Thanks to you and your DH for being a part of this great mission, I know it isn't easy!

Ms. Mode
08-14-2012, 06:22 AM
You will have this type of reaction in EVERY church. The only way you can deal with the issues of other people is to love them; that's what the Lord instructs us to do...not easy in every case, but it is what sets us apart. :)

Strmchsr
08-14-2012, 07:54 AM
I've been a pastor for many years and you described my current church perfectly 4-5 years ago (I ran a few of those folks off and now we're growing and doing great!). *sigh* Those kinds of folks are why I've often said if it weren't for Christians there would be more Christians. They're focused on themselves and no on the mission. It happens at every church, but it's much more apparent in a small church. You just have to love them anyway and realize they are broken people that God loves. Don't put up with the nonsense, call them on the silliness, but always love them anyway. And realize you're not alone!

princessgirls
08-14-2012, 05:14 PM
You are not alone, and YOU will never make everyone happy.
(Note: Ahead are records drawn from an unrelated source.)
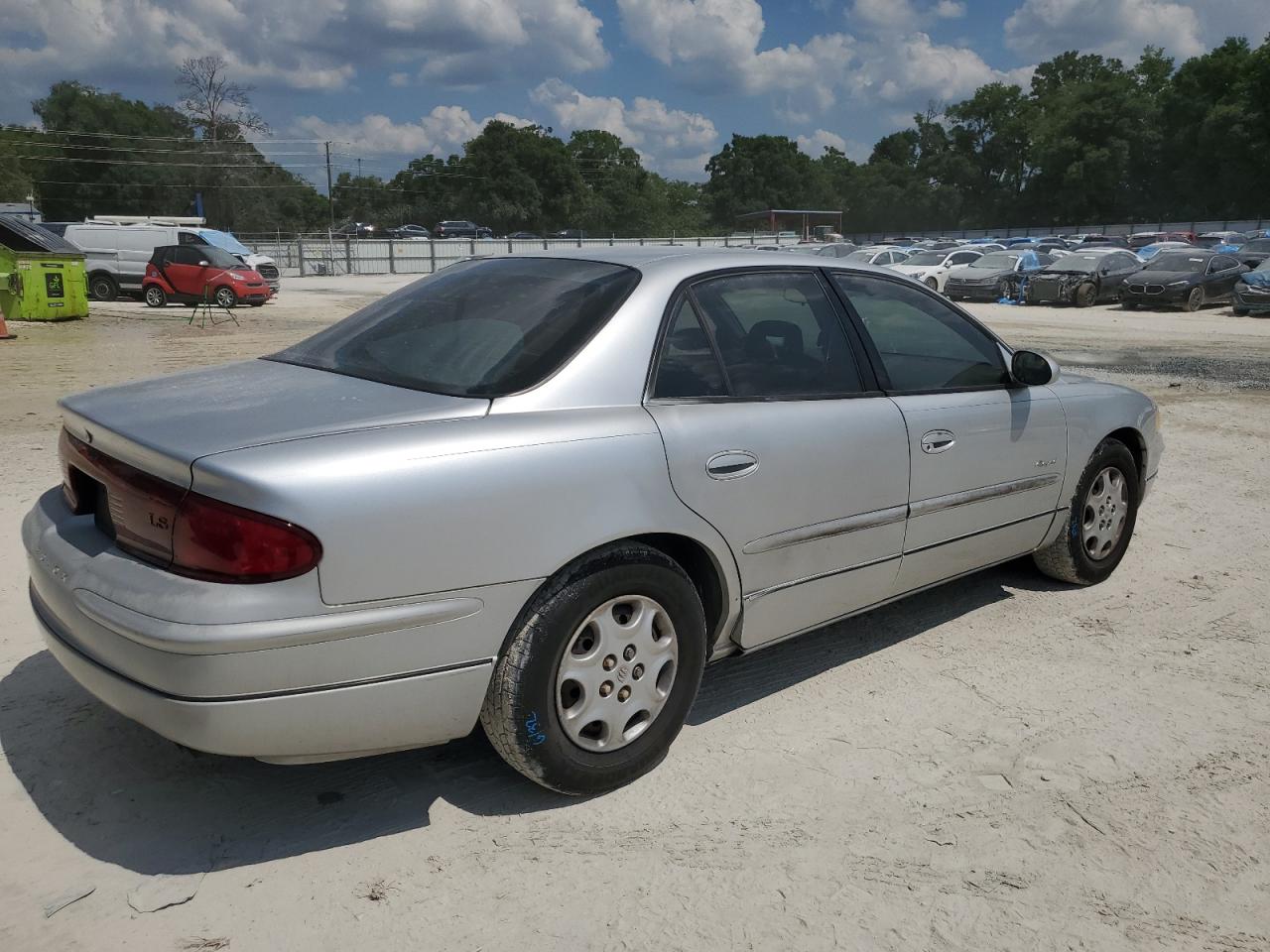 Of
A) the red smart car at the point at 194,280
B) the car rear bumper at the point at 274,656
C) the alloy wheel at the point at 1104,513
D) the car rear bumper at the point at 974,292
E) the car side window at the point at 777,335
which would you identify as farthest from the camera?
the car rear bumper at the point at 974,292

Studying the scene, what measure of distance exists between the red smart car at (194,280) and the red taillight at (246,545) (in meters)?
24.2

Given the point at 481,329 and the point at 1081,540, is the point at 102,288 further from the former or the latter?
the point at 1081,540

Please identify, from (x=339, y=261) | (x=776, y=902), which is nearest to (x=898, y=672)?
(x=776, y=902)

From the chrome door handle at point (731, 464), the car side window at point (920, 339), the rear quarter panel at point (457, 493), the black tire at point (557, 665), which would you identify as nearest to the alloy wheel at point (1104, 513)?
the car side window at point (920, 339)

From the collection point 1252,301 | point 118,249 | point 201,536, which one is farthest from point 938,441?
point 118,249

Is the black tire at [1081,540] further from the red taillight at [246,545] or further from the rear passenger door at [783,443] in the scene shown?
the red taillight at [246,545]

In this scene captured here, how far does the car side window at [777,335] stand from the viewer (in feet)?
11.7

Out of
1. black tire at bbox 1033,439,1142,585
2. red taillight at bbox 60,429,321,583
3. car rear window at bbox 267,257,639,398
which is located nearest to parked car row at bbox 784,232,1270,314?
black tire at bbox 1033,439,1142,585

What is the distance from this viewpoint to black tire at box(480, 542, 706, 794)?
9.41ft

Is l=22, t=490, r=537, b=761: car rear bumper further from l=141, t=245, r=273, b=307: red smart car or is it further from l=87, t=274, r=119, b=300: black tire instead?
l=87, t=274, r=119, b=300: black tire

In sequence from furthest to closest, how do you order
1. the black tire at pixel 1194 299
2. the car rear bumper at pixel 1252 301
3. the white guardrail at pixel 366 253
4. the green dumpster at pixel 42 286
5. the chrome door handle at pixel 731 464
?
the white guardrail at pixel 366 253 < the black tire at pixel 1194 299 < the car rear bumper at pixel 1252 301 < the green dumpster at pixel 42 286 < the chrome door handle at pixel 731 464

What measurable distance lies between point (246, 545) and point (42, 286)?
20402 millimetres

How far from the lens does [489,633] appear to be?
2.80 m

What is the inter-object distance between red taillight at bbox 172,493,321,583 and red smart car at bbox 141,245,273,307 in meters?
24.2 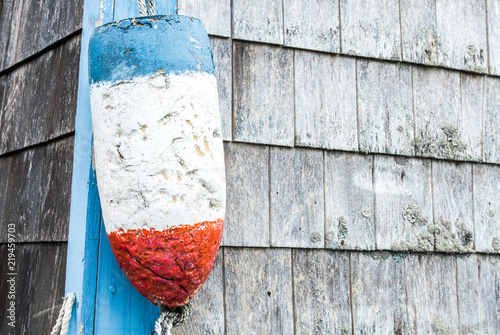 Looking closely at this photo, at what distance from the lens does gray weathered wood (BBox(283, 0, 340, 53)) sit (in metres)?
1.80

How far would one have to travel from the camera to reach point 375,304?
1.79 m

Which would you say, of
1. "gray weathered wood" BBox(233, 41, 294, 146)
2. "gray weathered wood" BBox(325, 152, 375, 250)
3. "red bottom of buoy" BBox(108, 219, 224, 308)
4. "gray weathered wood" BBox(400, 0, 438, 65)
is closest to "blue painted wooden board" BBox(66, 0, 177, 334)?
"red bottom of buoy" BBox(108, 219, 224, 308)

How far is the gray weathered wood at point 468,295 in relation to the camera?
1.90 meters

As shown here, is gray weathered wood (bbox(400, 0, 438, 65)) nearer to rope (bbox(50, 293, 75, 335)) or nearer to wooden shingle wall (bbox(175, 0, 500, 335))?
wooden shingle wall (bbox(175, 0, 500, 335))

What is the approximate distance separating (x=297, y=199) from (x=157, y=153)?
0.63 metres

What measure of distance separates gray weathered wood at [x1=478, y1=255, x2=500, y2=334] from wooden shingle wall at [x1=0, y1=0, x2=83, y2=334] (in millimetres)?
1447

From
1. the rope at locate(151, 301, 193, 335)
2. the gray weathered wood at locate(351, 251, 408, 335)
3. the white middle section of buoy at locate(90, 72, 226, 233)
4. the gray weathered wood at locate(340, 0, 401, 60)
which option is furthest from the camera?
the gray weathered wood at locate(340, 0, 401, 60)

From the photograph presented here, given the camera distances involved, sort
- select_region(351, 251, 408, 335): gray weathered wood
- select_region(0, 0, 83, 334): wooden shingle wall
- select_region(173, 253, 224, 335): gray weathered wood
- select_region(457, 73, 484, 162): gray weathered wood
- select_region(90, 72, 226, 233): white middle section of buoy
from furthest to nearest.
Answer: select_region(457, 73, 484, 162): gray weathered wood, select_region(351, 251, 408, 335): gray weathered wood, select_region(0, 0, 83, 334): wooden shingle wall, select_region(173, 253, 224, 335): gray weathered wood, select_region(90, 72, 226, 233): white middle section of buoy

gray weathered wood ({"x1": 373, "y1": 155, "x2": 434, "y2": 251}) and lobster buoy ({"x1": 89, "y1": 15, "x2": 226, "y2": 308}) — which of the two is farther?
gray weathered wood ({"x1": 373, "y1": 155, "x2": 434, "y2": 251})

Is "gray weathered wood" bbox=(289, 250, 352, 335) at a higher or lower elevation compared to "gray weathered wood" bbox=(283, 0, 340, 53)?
lower

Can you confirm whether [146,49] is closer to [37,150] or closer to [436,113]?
[37,150]

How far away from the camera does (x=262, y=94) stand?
174cm

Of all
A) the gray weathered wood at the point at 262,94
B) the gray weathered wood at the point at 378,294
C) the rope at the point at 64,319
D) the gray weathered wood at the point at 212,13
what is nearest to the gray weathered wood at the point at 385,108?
the gray weathered wood at the point at 262,94

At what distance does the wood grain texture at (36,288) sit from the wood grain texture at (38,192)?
0.04 metres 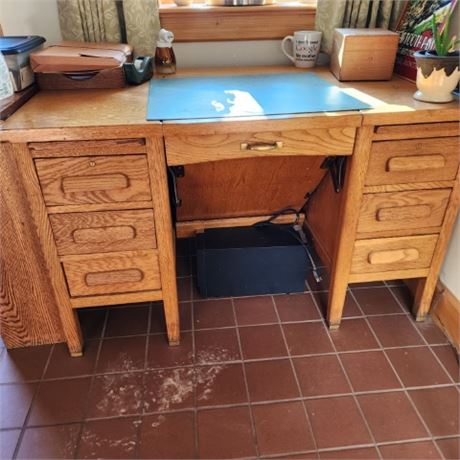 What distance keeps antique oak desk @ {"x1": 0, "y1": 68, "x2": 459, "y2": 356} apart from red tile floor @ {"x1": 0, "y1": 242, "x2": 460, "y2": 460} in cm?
10

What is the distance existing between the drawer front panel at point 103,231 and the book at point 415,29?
40.2 inches

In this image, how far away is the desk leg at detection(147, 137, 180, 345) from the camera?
1.03 metres

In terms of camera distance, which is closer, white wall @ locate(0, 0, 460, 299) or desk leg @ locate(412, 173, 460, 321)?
desk leg @ locate(412, 173, 460, 321)

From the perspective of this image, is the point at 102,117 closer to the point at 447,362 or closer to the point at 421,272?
the point at 421,272

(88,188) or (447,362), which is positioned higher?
(88,188)

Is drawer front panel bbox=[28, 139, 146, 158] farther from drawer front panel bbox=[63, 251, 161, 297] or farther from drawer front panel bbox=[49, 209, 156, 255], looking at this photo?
drawer front panel bbox=[63, 251, 161, 297]

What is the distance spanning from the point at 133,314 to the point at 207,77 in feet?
2.99

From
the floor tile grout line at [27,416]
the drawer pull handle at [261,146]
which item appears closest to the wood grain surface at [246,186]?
the drawer pull handle at [261,146]

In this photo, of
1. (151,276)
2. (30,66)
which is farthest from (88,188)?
(30,66)

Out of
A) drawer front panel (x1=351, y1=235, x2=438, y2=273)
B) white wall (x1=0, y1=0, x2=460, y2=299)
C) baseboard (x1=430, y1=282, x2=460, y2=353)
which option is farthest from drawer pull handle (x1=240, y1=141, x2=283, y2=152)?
baseboard (x1=430, y1=282, x2=460, y2=353)

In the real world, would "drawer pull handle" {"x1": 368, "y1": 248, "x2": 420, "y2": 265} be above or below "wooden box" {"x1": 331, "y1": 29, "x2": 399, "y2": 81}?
Answer: below

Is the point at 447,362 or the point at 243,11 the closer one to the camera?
the point at 447,362

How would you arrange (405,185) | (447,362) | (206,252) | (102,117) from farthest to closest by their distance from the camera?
A: (206,252) → (447,362) → (405,185) → (102,117)

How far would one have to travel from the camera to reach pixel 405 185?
1.17 m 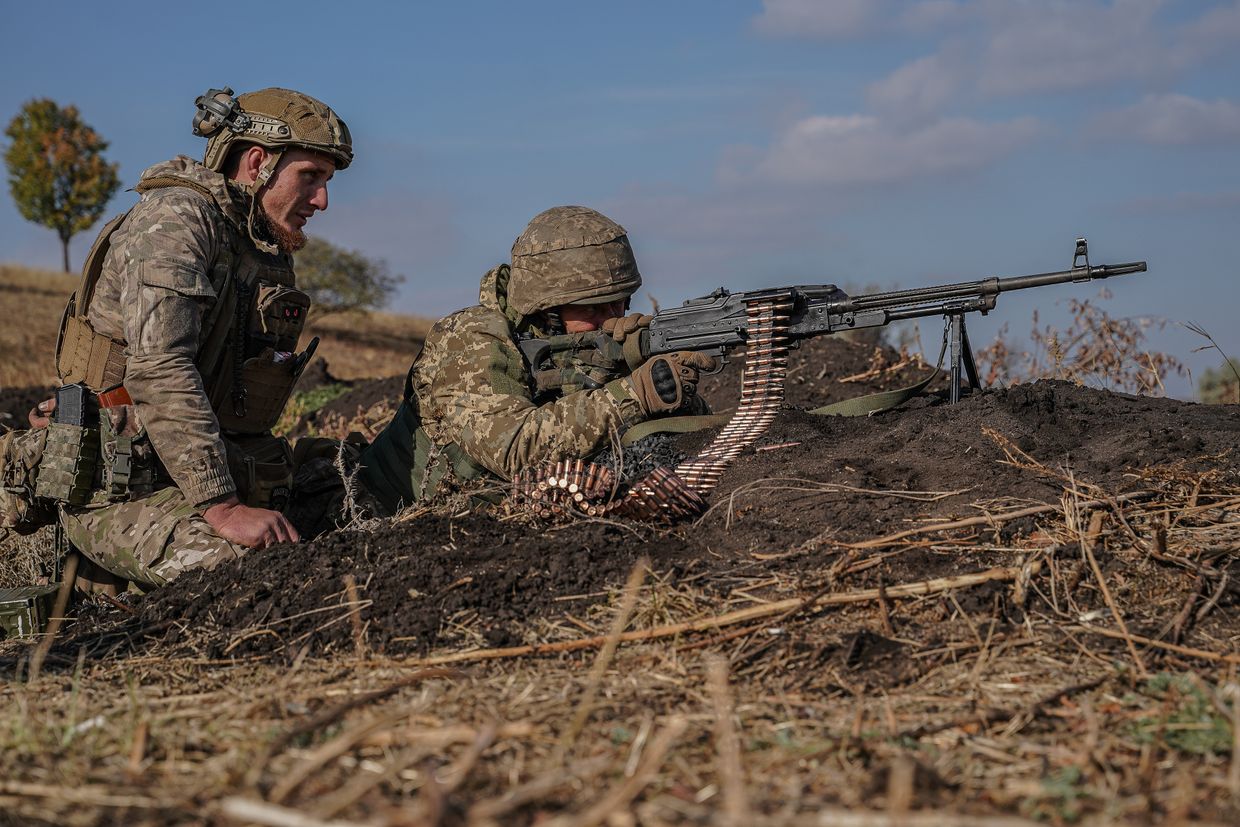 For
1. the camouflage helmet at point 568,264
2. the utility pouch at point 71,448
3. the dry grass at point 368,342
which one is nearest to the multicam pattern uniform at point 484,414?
the camouflage helmet at point 568,264

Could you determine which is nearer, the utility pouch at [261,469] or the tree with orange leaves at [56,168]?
the utility pouch at [261,469]

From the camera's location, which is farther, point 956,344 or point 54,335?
point 54,335

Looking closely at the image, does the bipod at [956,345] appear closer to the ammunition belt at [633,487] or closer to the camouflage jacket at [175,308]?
the ammunition belt at [633,487]

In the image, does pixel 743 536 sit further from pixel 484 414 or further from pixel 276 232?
pixel 276 232

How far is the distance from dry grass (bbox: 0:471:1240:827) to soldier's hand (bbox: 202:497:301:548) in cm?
102

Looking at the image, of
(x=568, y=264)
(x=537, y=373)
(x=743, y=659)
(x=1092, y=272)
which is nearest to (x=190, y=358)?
(x=537, y=373)

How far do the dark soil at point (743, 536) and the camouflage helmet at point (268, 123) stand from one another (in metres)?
2.18

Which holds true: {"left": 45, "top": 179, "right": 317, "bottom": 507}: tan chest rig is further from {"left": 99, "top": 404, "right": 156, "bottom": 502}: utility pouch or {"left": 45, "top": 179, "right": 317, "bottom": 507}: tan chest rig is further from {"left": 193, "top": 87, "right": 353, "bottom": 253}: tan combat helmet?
{"left": 193, "top": 87, "right": 353, "bottom": 253}: tan combat helmet

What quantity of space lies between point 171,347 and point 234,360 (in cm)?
65

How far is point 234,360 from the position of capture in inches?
249

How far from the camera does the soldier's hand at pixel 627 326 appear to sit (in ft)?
21.4

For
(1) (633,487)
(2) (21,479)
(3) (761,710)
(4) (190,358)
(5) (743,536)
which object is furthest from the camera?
(2) (21,479)

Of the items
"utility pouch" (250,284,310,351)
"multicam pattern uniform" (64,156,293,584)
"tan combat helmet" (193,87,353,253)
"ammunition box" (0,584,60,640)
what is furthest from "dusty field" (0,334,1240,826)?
"tan combat helmet" (193,87,353,253)

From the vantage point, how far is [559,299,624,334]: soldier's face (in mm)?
6723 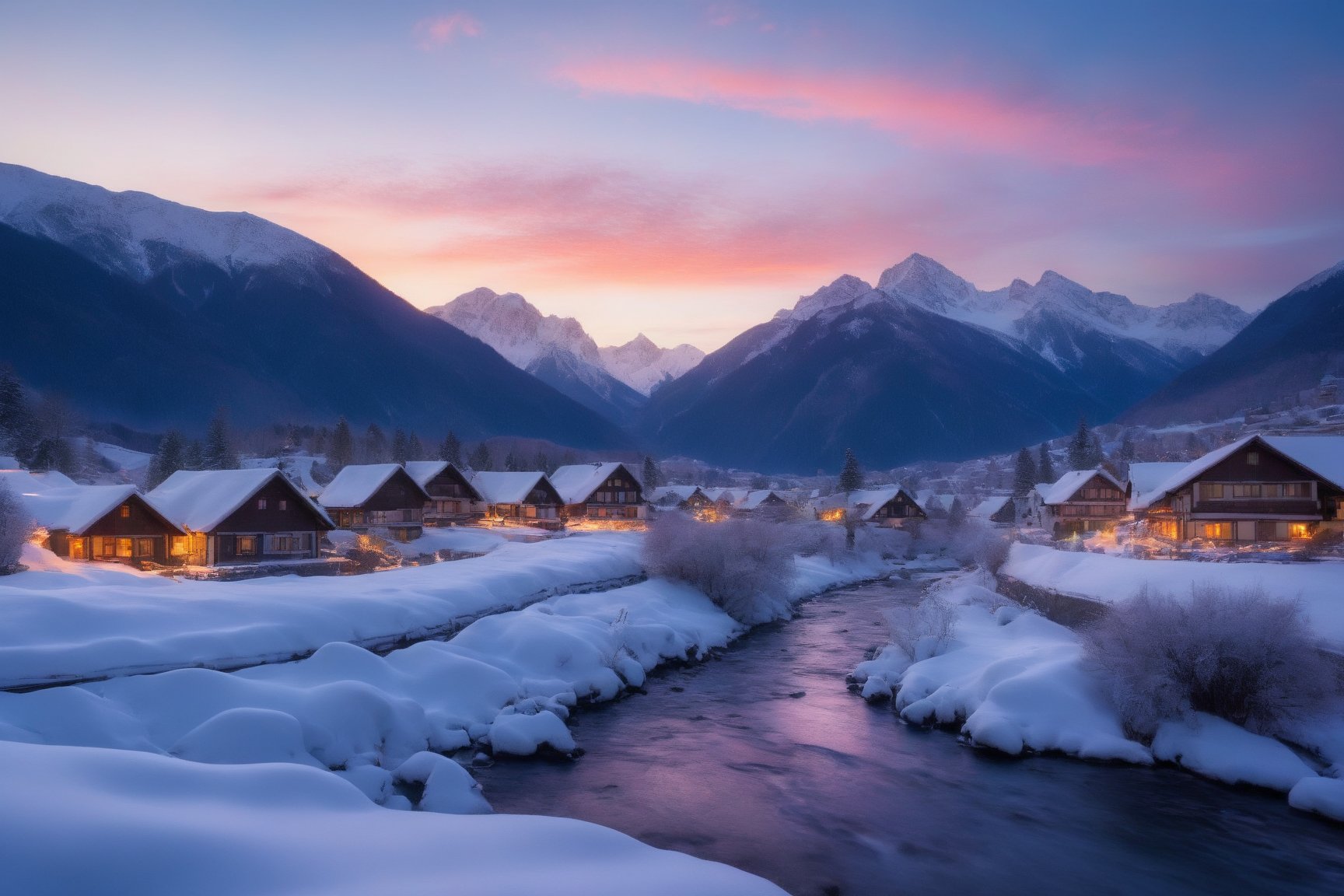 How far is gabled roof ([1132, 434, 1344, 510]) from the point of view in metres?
48.5

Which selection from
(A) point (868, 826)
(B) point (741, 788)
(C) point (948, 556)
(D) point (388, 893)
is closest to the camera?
(D) point (388, 893)

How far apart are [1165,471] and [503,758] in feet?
210

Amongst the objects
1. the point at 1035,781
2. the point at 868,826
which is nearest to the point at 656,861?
the point at 868,826

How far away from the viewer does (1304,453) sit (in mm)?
49969

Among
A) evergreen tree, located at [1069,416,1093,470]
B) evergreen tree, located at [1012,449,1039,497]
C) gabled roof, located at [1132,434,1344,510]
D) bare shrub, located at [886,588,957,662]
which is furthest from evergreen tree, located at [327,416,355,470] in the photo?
gabled roof, located at [1132,434,1344,510]

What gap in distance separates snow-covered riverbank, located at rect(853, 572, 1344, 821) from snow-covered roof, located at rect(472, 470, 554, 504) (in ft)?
Answer: 171

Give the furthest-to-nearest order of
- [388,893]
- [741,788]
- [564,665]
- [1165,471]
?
[1165,471], [564,665], [741,788], [388,893]

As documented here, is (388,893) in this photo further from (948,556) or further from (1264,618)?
(948,556)

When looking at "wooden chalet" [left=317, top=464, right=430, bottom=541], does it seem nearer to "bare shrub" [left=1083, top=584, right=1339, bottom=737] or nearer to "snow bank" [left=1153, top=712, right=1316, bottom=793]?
"bare shrub" [left=1083, top=584, right=1339, bottom=737]

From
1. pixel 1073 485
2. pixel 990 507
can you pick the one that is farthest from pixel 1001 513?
pixel 1073 485

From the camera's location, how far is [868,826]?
21.0 m

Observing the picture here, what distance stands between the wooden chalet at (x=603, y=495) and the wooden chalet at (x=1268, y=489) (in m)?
55.4

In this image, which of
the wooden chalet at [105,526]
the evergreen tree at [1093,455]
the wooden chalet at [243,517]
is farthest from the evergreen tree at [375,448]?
the evergreen tree at [1093,455]

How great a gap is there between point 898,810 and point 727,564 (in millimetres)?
31019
I love our church, but it is going through it's share of hard times. People aren't happy and they are leaving and it hurts.

I just keep serving, smiling, and worshiping.

Julie:mickey:

CosmicRay
08-14-2012, 06:14 PM
I thank you all for your kind and uplifting words! DH and I have gone through so much this summer. And I told DH I would be happy to just pack it up and leave, but he wanted to stay with it and wait it out. I'm glad to have a DH that is committed and loyal to what's important to him. And while I have pouted and whined. He's stayed strong and steady and patient with me.

Some of the bigger issues we've dealt with were other staff members (three pastors including DH). But yesterday, DH had a meeting with our senior pastor that ironed out some of the problems and mis-communication. And the next step will be to talk with our Family pastor. And pray that meeting goes well!

Our church is still small, but it's growing quickly in our town. And I know we are experiencing the growing pains, and there's also the spiritual warfare. But after DH and our pastor talked, we feel better and I feel ready to go another round or two. Ready to love and see what God has to show me and work on with me.

Thank you again for all your words!

princessgirls
08-16-2012, 02:44 PM
Hang in there.

Honestly, I work in ministry too...and serve in various capacities and committees in church (not pastoral), and it can be frustrating. I do try, and we are human so I fall short daily, to remember that whatever I do...I do for HIM!!!